NWS Cloud Anomaly

Raw weather observations don't answer the question a solar trader or grid operator actually has β€” how far is this from what we expected? We score each new METAR reading as the residual β€” observed cloud cover minus the station's hour-of-day baseline β€” then feed residuals into a T-Digest streaming quantile sketch, entirely in your browser. Anomalous residuals flag themselves, and every observation emits a JSONFeed item with an _nws extension ready for a machine consumer.

Honest-about-the-baseline: a production anomaly detector would compare observed βˆ’ forecast. The NWS doesn't serve a historical forecast archive we can diff against, so this demo uses each station's hour-of-day median across a rolling 7-day window as a proxy baseline β€” and falls back to the station's overall daily median for hour-buckets too sparse to trust (< 3 samples). The _nws.baseline_source field in every feed item is explicit about which one was used so downstream consumers know what they're diffing.

Discoverable feed: this page advertises /feed.json (and an anomalies-only variant) via <link rel="alternate" type="application/feed+json"> in the page head. Point a JSONFeed reader, a discover job, or feed.works itself at this URL and you get the same scored items the UI shows β€” the server uses the exact same scoring module the browser does.

Loading 24-hour observation window…

Recent JSONFeed items (0)

Waiting for the first observation tick…

How this works

  • Our nightly Lambda fetches the last 7 days of METAR observations for ~20 curated stations from api.weather.gov, writes a single JSON blob to S3 + CloudFront.
  • Your browser downloads that blob (~50 KB gzipped, cached).
  • Per station, we compute a hour-of-day baseline (median cloud cover for each UTC hour of day) and build a T-Digest of residuals (observed βˆ’ baseline).

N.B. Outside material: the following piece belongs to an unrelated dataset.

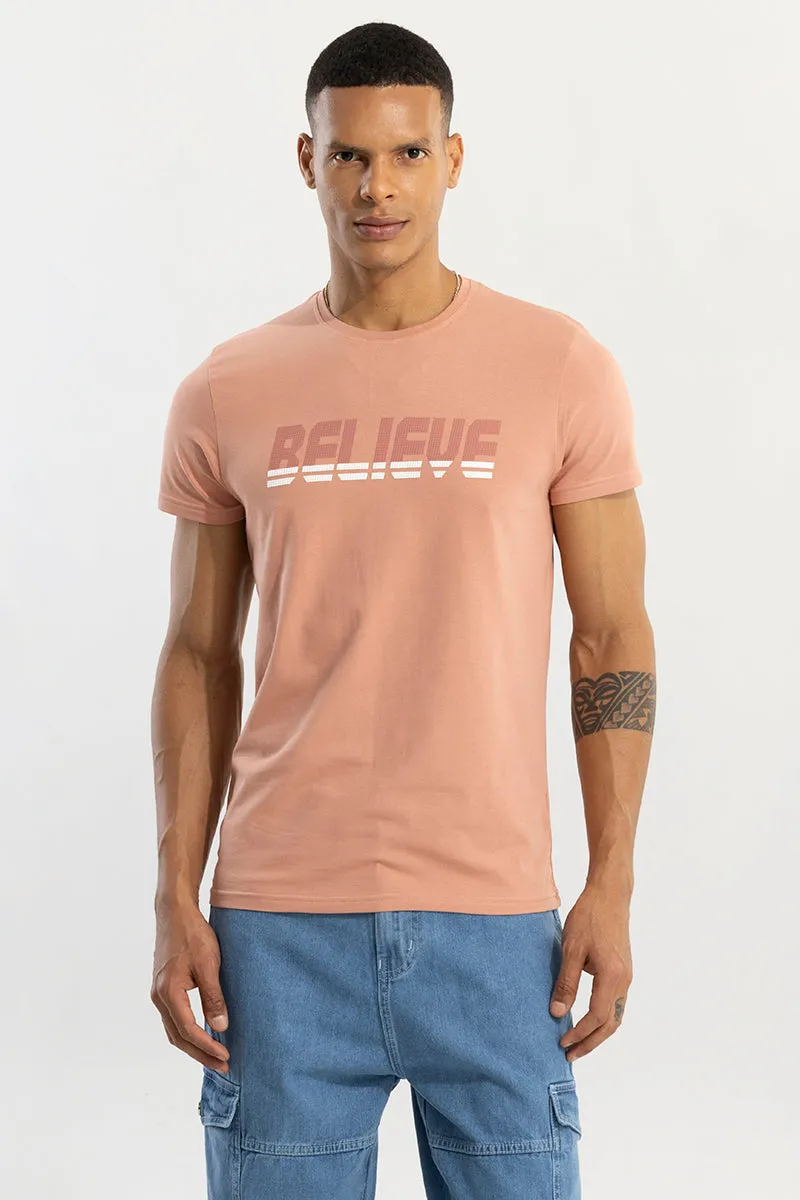 Believe Peach T-Shirt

Streaming quantile sketch, all in-browser, no model download.
  • Every 5 seconds, the next observation is replayed. We score its residual against the station's digest and emit a JSONFeed item carrying the observation, the baseline, the residual, and the percentile β€” all under the _nws extension.
  • The server-side /feed.json route shares the same scoring module with the island, so the discoverable feed and the live UI agree about what's an anomaly.
  • Turn on webhook-echo and every anomaly is POSTed to the shared /api/demos/webhook-echo sink β€” exactly the shape a real integrator would see.

What's in the feed

Every item's _nws extension is self-contained β€” a consumer doesn't have to re-fetch the baseline or re-run scoring:

{
  "_nws": {
    "station_id": "KPHX",
    "observed_at": "2026-04-20T15:53:00Z",
    "raw": "METAR KPHX 201553Z ...",
    "observed_percent": 87.5,
    "baseline_percent": 37.5,
    "baseline_source": "hour_of_day_median_24h",
    "residual_percent": 50.0,
    "percentile": 0.97,
    "anomaly_score": 1.88,
    "anomaly": true
  }
}

Userland is free to use the precomputed residual, to subtract themselves, or to score against their own baseline model. All three work from this one feed.

Corpus: 7-day rolling window across desert-southwest / central-valley / pacific-northwest / mountain-west / midwest / northeast / southeast stations. Refresh: daily at 04:15 UTC. The _nws.baseline_source field is hour_of_day_median_24h when the station's bucket for that UTC hour holds enough samples (β‰₯ 3) and falls back to daily_median_24h otherwise, so sparse stations still get a sensible baseline.